- Assignment:
Below is a listing with pictures. Repeat exactly the lines starting at the one holding "Foldable <b>Table</b> <b>Tennis</b>" and going on through the one holding "Although the sea", and leave every picture out.

- Supplied entries:
==============================

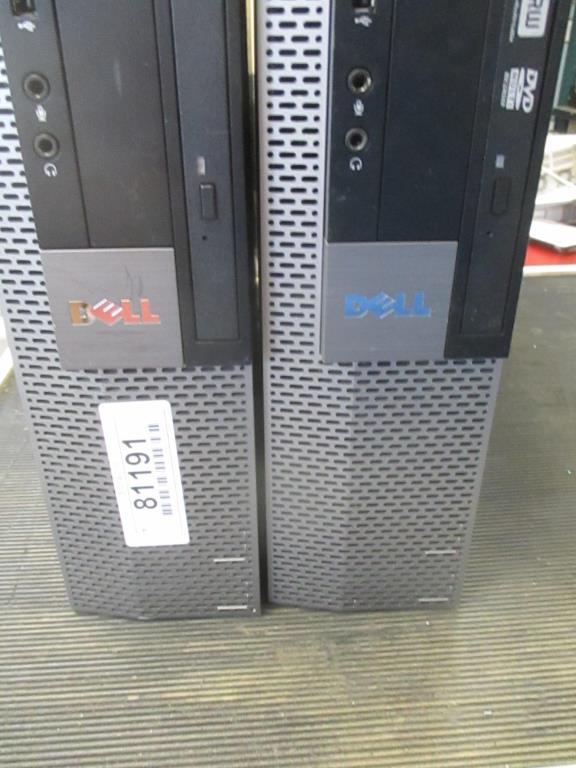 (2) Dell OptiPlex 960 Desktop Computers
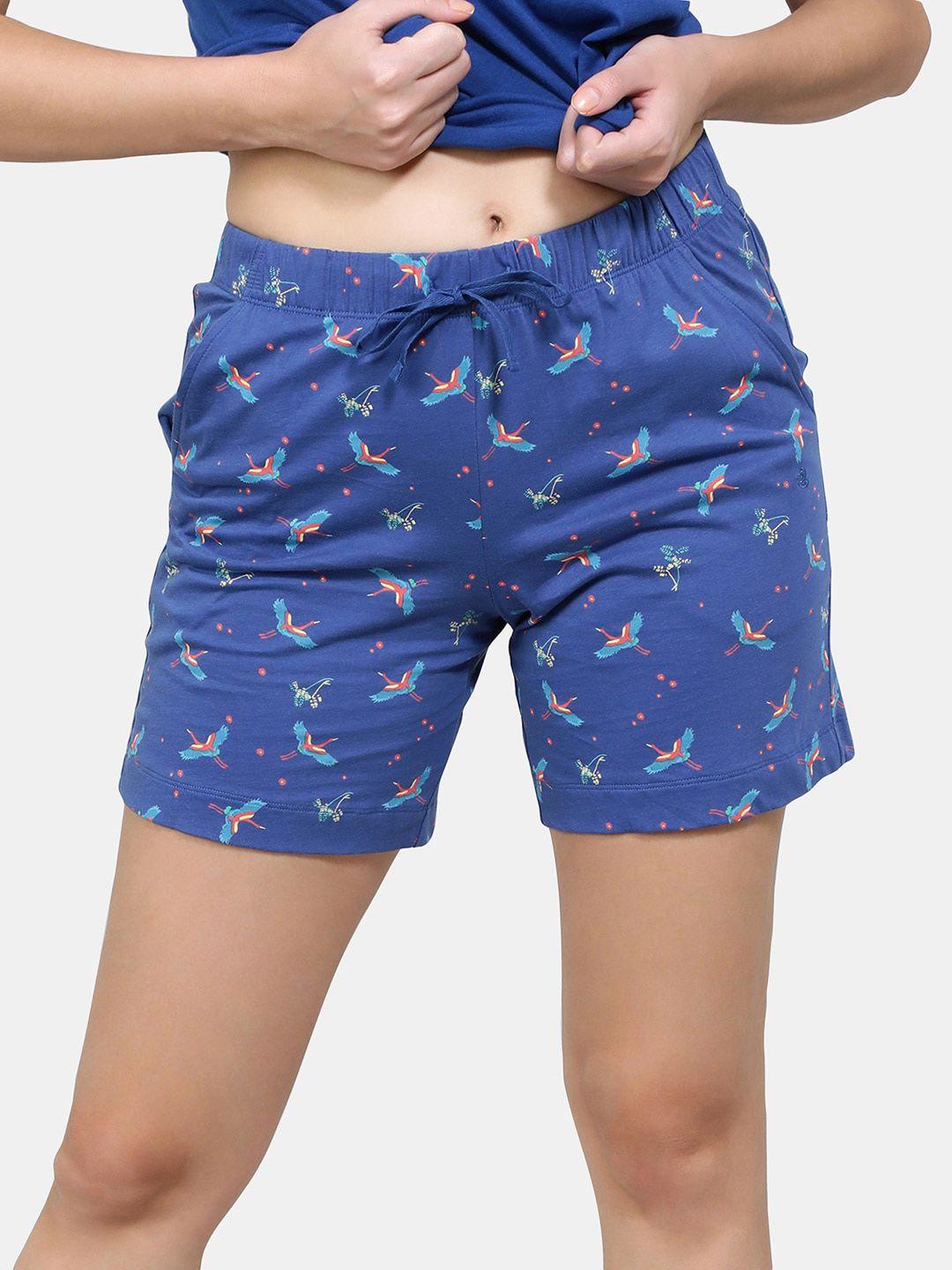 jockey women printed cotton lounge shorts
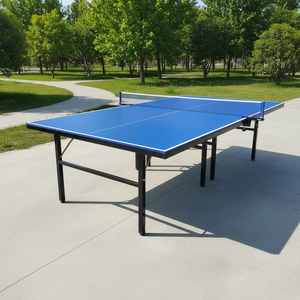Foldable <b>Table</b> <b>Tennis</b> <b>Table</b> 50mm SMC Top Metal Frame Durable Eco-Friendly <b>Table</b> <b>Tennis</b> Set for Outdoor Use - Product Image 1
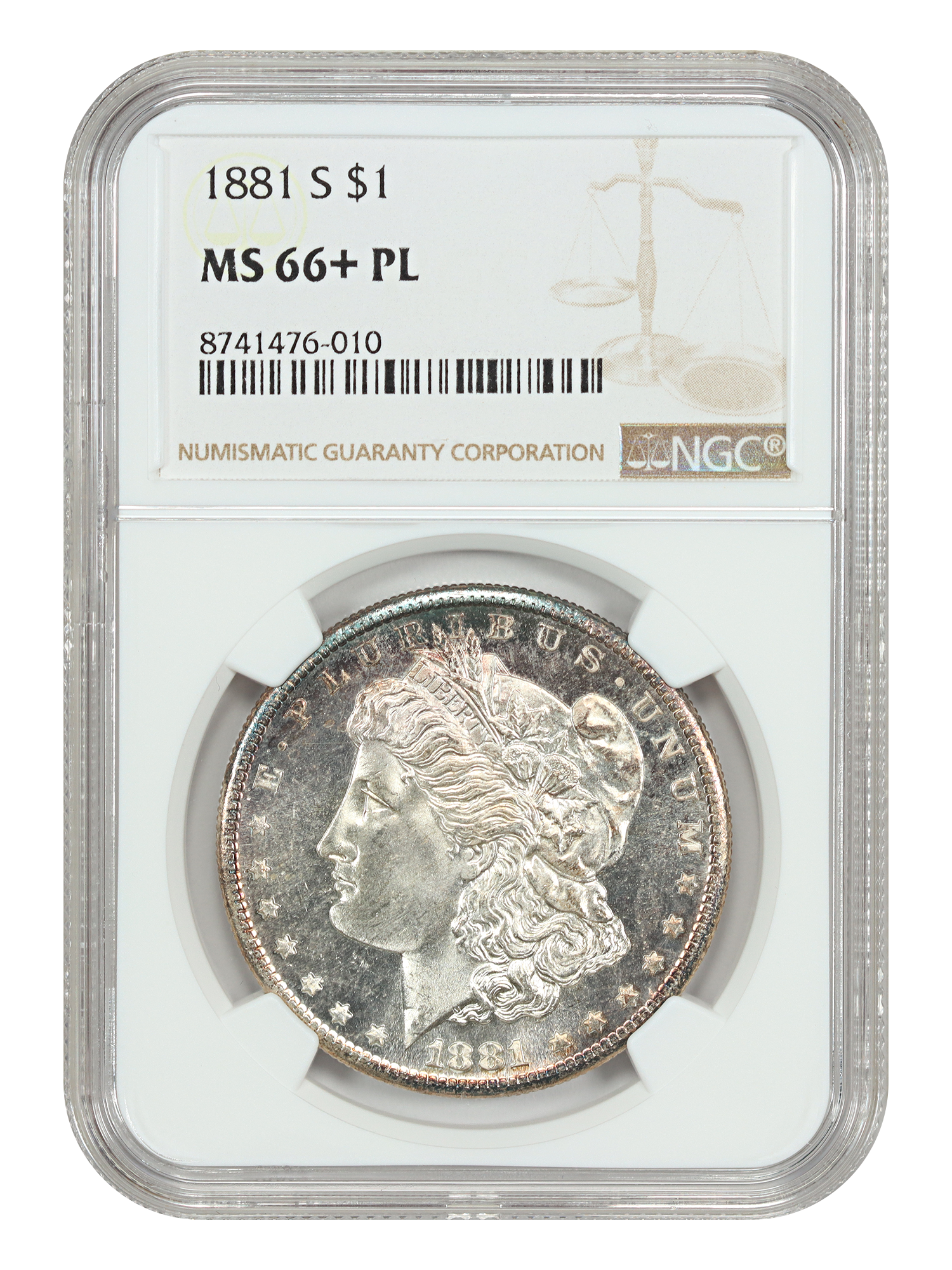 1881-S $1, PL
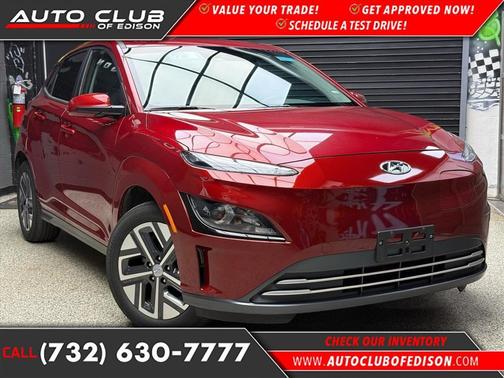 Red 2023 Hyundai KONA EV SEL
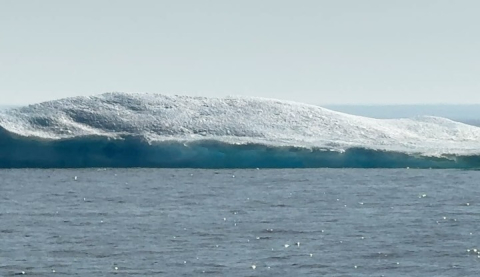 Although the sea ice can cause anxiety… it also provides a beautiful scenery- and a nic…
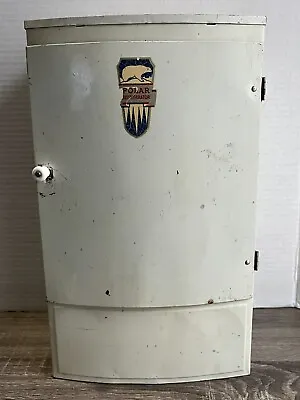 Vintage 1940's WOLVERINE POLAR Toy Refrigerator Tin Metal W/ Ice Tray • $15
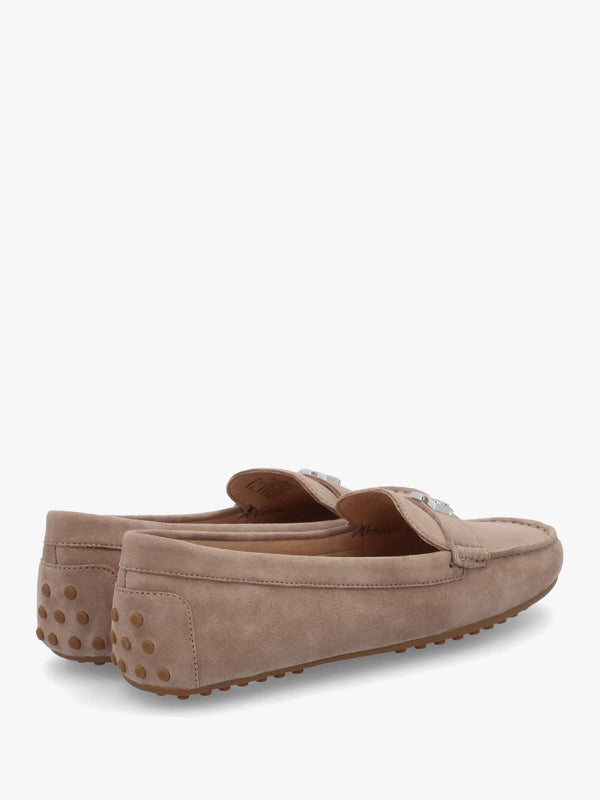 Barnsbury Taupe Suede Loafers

==============================

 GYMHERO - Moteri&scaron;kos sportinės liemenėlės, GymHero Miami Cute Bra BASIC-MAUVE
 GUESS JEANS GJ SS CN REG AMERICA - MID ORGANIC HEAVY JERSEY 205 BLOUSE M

==============================

- Task response:
Foldable <b>Table</b> <b>Tennis</b> <b>Table</b> 50mm SMC Top Metal Frame Durable Eco-Friendly <b>Table</b> <b>Tennis</b> Set for Outdoor Use - Product Image 1
 1881-S $1, PL
 Red 2023 Hyundai KONA EV SEL
 Although the sea ice can cause anxiety… it also provides a beautiful scenery- and a nic…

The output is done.